CHARLESTON, W.Va. - Pies & Pints President Rob Lindeman wants to make sure every pizza sold in his restaurants, whether it's in Ohio, West Virginia or Timbuktu, tastes just like it came from Charleston or Fayetteville.
He wants the restaurants to have the same look and feel as Pies & Pints' original locations, too. It's all a part of "brand connection."
"Some companies, as they grow, lose sight of . . . what brought them to the dance," he said.
Lindeman, who also is majority owner and managing member of the company, does not want that to happen to Pies & Pints. He said when the gourmet pizza chain opens its new location in Morgantown next year, customers will receive the same food, beer and quality service they've come to expect.
Lindeman also is worried about the intangible aspects of his company: the culture, the charm.

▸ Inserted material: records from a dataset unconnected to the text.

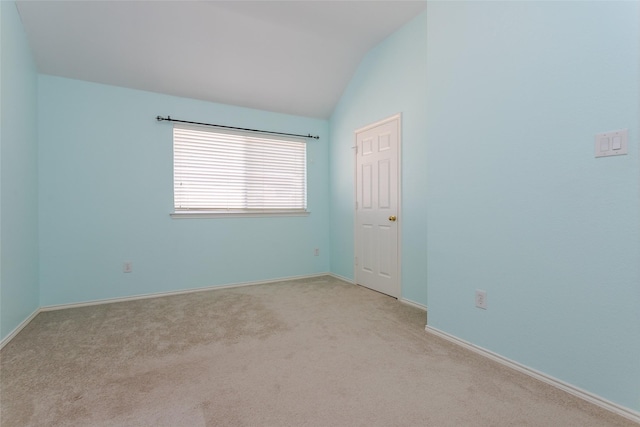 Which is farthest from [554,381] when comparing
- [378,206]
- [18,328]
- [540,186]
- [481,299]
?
[18,328]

So the company's brand-new Worthington, Ohio, store, along with the upcoming Morgantown location and all future Pies & Pints restaurants, will feature recreations of the "White Elephant Saloon" mural found at its Charleston location.
Lindeman said the recreations of the mural are a deliberate move to tie all the company's locations together.
"It's one of our differentiators, that's part of the brand," he said. "It's why people spend so much more money on Apple than they do a PC product."
He said the company also tries to hire from within, promoting workers to management positions as the business expands.
"You don't have to teach the culture to them if they're already living it," he said.
Until earlier this year, Pies & Pints was on the verge of losing its most important branding element: that simple, catchy name.
There is a restaurant named "Pies & Pints" in Seattle, completely unaffiliated with the West Virginia company, and the owners of the West Coast business owned the trademark to the name.
Lindeman said his company was allowed to use the Pies & Pints name in its Mountain State stores because the businesses do not operate in the same market and do not advertise in the same areas.
But as Lindeman and his partners prepared to open new stores in West Virginia and other states, they wanted to prevent potential trademark problems.
"As we wanted to grow and develop this brand, it wasn't realistic to continue down this path," Lindeman said.
Earlier this year, West Virginia's Pies & Pints approached their West Coast namesake and asked to buy the name. Negotiations did not go well at first. The Seattle restaurant wanted much more money for the name than Lindeman wanted to pay.